Considering that is...
$\displaystyle \lim_{n \rightarrow \infty} \{\sum_{k=1}^{n-2} \frac{1}{k} - \ln (n-2) \} =\gamma$ (1)
$\displaystyle \lim_{n \rightarrow \infty} \{\sum_{k=1}^{2n} \frac{1}{k} - \ln 2 n \} =\gamma$ (2)
... subtracting (1) from (2) You obtain...
$\displaystyle \lim_{n \rightarrow \infty} \sum_{k=n-1}^{2n} \frac{1}{k} = \lim_{n \rightarrow \infty} \{\ln 2 n - \ln (n-2)\}= \ln 2$ (3)
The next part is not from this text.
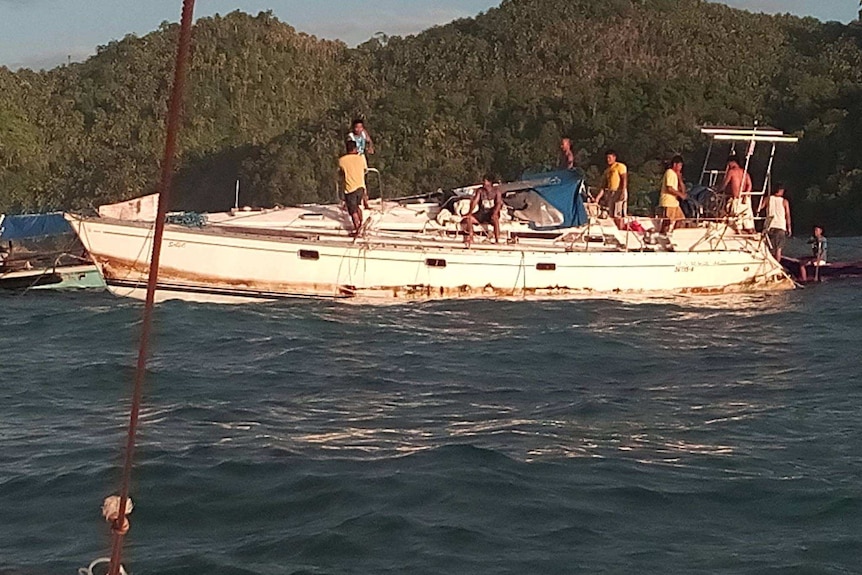 A white yacht, listing, with Philippines sailors aboard.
Marry Christmas from Serbia
$\displaystyle \chi$ $\displaystyle \sigma$
You could also try another approach:
$\displaystyle \lim_{n \to \infty} \left[ \frac{1}{n-1}+\frac{1}{n}+\frac{1}{n+1}+\cdots +\frac{1}{2n}\right]$$\displaystyle \lim_{n \to \infty} \left[ \frac{1}{n-1}+\frac{1}{n}+\frac{1}{n+1}+\cdots +\frac{1}{2n}\right]$
$\displaystyle = \left[ \lim_{n \to \infty}\frac{1}{n-1}+\lim_{n \to \infty}\frac{1}{n}+ \lim_{n \to \infty}\sum_{r=1}^{n}\frac{1}{n+r}\right]$
$\displaystyle = \left[ 0+0+\lim_{n \to \infty}\sum_{r=1}^{n}\left(\frac{1}{n} \right)\frac{1}{1+{r \over n}}\right]$
$\displaystyle =\int_{0}^{1} \frac{1}{1+x} dx$
$\displaystyle =[\ln(1+x)]^1_0$
$\displaystyle =\ln(2)$
$\displaystyle \lim_{n \to \infty} \left[ \frac{1}{n^2}+\cdots +\frac{1}{(2n)^2}\right]=0$$\displaystyle \lim_{n \to \infty} \left[ \frac{1}{n^2}+\cdots +\frac{1}{(2n)^2}\right]$